Nazım Kıbrısi Hazretlerinin Londra’ya gidişi ve Dünya’ya Nakşibendiliği yayma çalışmaları Büyük Şeyh Efendi Hazretlerinin isteği ile Şeyh Nazım El-Hakkani Hazretleri Kıbrıs adasını adım adım dolaşmış her gittiği yerde o kadar tanınmış ve çok sevilmiş ki ismi “Şeyh Nazım Yeşilbaş” olarak bilinir. Şey Muhammed Nazım Adil El-Hakkanî 1974’ten itibaren Avrupa’yı ziyarete başlamıştır. 1974 yılında Ehl-i sünnet vel cemaat itikadını gözeten ilk Nakşibendî dergâhı Londra’da bizzat açmıştır. 1986’da uzak doğu seyahatini gerçekleştirmiş ve Brunei, Malezya, Singapur, Hindistan, Pakistan ve Sri Lanka’yı ziyaret etmişlerdir. Buralarda da sultanlar, başkanlar ve umum halk tarafından heyecan ve coşkuyla karşılanmış, büyük ikram ve iltifatlarda bulunulmuştur. 1991’de Amerika seyahatine çıkmış ve 15 eyalet dolaşmıştır. Bu esnada değişik din ve inançlardan birçok kişiyle görüşmüş ve bunun neticesinde Kuzey Amerika’da Nakşibendî tarikatına ait 15 merkez açmıştır. İkinci ziyaretini 1993’te yapmış ve yine birçok yeri dolaşmıştır. Sayesinde, Kuzey Amerika’da 10 000 kişi Müslüman olup Nakşibendî tarikatına girmiştir.
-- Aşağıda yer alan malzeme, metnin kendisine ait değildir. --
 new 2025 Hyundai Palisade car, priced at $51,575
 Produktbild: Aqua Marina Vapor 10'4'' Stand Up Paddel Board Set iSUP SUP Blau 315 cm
Türkiye’deki Çalışmaları Türkiye’de başta İstanbul, Ankara, Konya, İzmir olmak üzere birçok ilde; köy köy, kasaba kasaba seyahatlerde bulunmuştur. Başta Aziz Mahmut Hüdai Hazretleri, Yahya Trabzonî Hazretleri gibi birçok türbe, makam, cami, tarihi ve manevi yerleri ziyaret etmiştir. Ziyaret ettikleri yerlerde ulvi sohbetlerde bulunaraktan her seviyedeki insanların gönlüne hitap etmiş ve dinleyicilerin Nakşibendi tarikatına girmelerine vesile olmuştur. O yıllarda Türkiye’de bulunan İslamî baskıların yıkılması için manevi himmetleri olmuş ve dualarda bulunmuştur. 90’lı yıllarda Hacı Mustafa Türabı Hoca Efendi ile yolları birleşmiş, bugün Üsküdar Beylerbeyi Sarayı karsısına denk düşen tarihi Ahmet Bedevî Tekkesi’nin tekrar inşa edilip bugünkü halini almasına vesile olmuştur. Şimdiki “Beylerbeyi Bedevi Tekkesi”dir. Kurmuş olduğu İstanbul Eğitim Vakfı (İSTEV) ile gençlerin ve bilhassa yardıma muhtaç çocukların yetişmesine, topluma kazandırılmasına katkıda bulunmuştur. Yine o yıllarda Hüseyin Hıfzı Aşevi’nin kurulması ile ihtiyaç sahibelerine erzak ve gıda tedarikini sağlanmıştır. Beykoz İlçesinde bulunan Akbaba Sultan köyünde dergâh açmış, Şeyh Muhammed Mehmet Efendi’yi halifesi olarak İstanbul’da vazifelendirmiştir.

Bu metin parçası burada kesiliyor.